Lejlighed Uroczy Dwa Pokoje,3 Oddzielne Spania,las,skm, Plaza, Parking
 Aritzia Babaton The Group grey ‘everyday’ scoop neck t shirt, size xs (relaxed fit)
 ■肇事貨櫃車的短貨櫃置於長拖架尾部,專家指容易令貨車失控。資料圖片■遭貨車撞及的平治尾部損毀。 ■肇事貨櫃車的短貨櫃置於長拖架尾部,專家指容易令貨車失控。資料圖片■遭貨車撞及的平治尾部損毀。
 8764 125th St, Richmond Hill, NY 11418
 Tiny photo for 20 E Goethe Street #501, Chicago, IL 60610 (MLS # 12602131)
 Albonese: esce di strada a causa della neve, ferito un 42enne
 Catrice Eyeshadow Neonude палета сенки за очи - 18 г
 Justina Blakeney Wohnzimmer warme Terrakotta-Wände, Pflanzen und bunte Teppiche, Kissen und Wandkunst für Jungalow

● REQUIREMENT: Repeat the lines from the one containing "8764 125th St, Richmond Hill, NY 11418" through the end of the listing, exactly and without any other lines; both ends are included.

● EXERCISE OUTPUT:
 8764 125th St, Richmond Hill, NY 11418
 Tiny photo for 20 E Goethe Street #501, Chicago, IL 60610 (MLS # 12602131)
 Albonese: esce di strada a causa della neve, ferito un 42enne
 Catrice Eyeshadow Neonude палета сенки за очи - 18 г
 Justina Blakeney Wohnzimmer warme Terrakotta-Wände, Pflanzen und bunte Teppiche, Kissen und Wandkunst für Jungalow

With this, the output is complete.